Use np.log1p() for skewed positive variables and store transformed column names for reference

In [None]:
import numpy as np
from scipy.stats import skew

# Find highly skewed numeric features
skewed_features = df_clean[numeric_vars].apply(lambda x: skew(x.dropna())).sort_values(ascending=False)
high_skew = skewed_features[abs(skewed_features) > 2].index.tolist()

# Apply log1p transformation (avoids negative values)
def safe_log1p(x):
    return np.log1p(np.where(x < 0, 0, x))

df_clean[high_skew] = df_clean[high_skew].apply(safe_log1p)

* Using log1p may result in infinite values, which need to be replaced and imputed again

Impute again for possible NaNs introduced via log1p

In [None]:
# Replace any remaining infinite values with NaN (may result from log1p)
df_clean.replace([np.inf, -np.inf], np.nan, inplace=True)

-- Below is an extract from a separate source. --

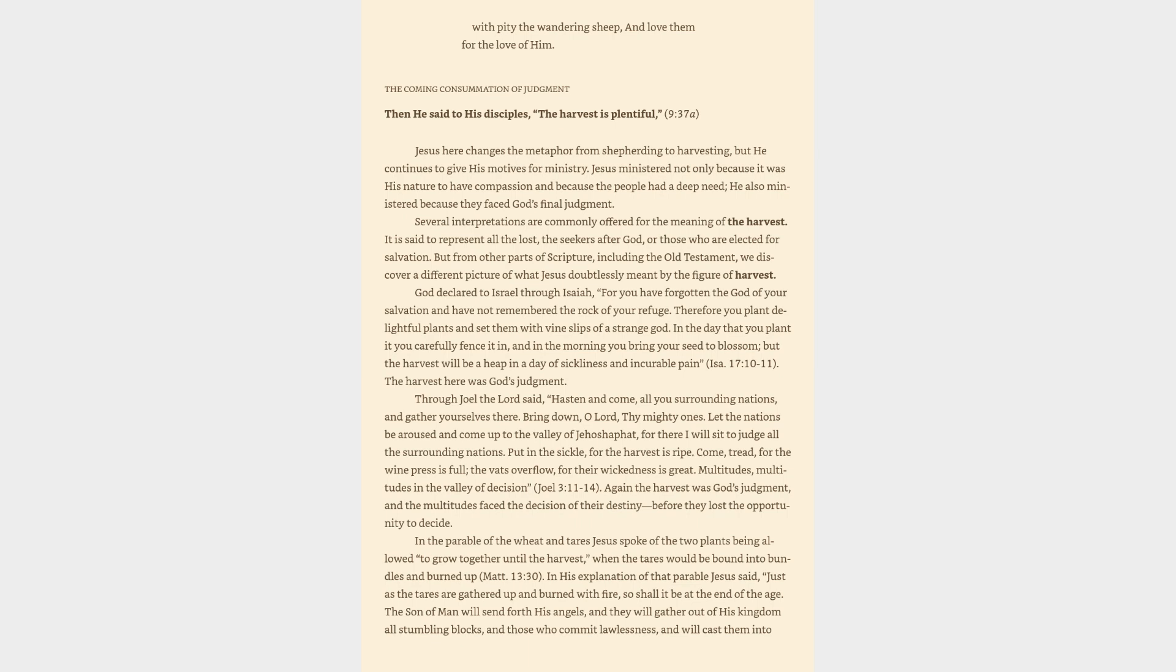The harvest here was God's judgment. Through Joel the Lord said, Hasten and come, all you surrounding nations, and gather yourselves there. Bring down, O Lord, thy mighty ones. Let the nations be aroused and come up to the valley of Jehoshaphat, for there I will sit to judge all the surrounding nations. Put in the sickle, for the harvest is ripe. Come, tread, for the winepress is full, the vats overflow, for their wickedness is great. Multitudes, multitudes in the valley of decision. Again the harvest was God's judgment, and the multitudes faced the decision of their destiny before they lost the opportunity to decide.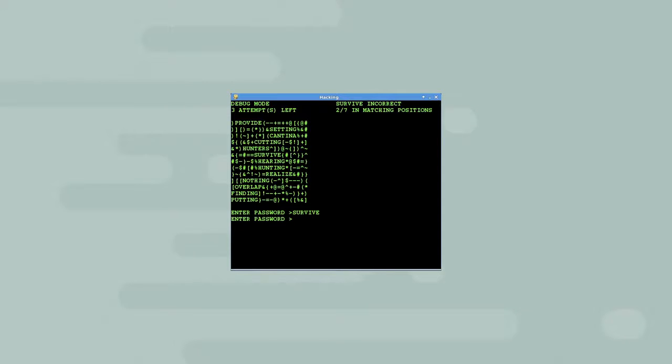I will guess the password pudding. This guess is also incorrect, but now five of seven letters are in matching positions.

# Impute again (if log1p introduced NaNs)
numeric_with_na = [col for col in df_clean.columns if df_clean[col].isna().sum() > 0]
if numeric_with_na:
    median_imputer = MeanMedianImputer(imputation_method='median', variables=numeric_with_na)
    median_imputer.fit(df_clean)
    df_clean = median_imputer.transform(df_clean)

## Final Check

Run final check for uncleaned data with custom EvaluateMissingData function

In [None]:
EvaluateMissingData(df_clean)

# Check for remaining skew, outlier ranges
df_clean.describe().T  

---

# Save Files

Save cleaned dataframe as csv file for better access

In [None]:
# Save cleaned dataframe as csv file for easier access of cleaned data
data_path = project_root / "outputs" / "data"
os.makedirs(data_path, exist_ok=True)
df_clean.to_csv(data_path / "Android_Malware_cleaned.csv", index=False)

print("✅ Saved cleaned dataframe to outputs/data/")

---

# Conclusion and Next Steps

* The data is now cleaned and ready to be used in feature engineering for training the model.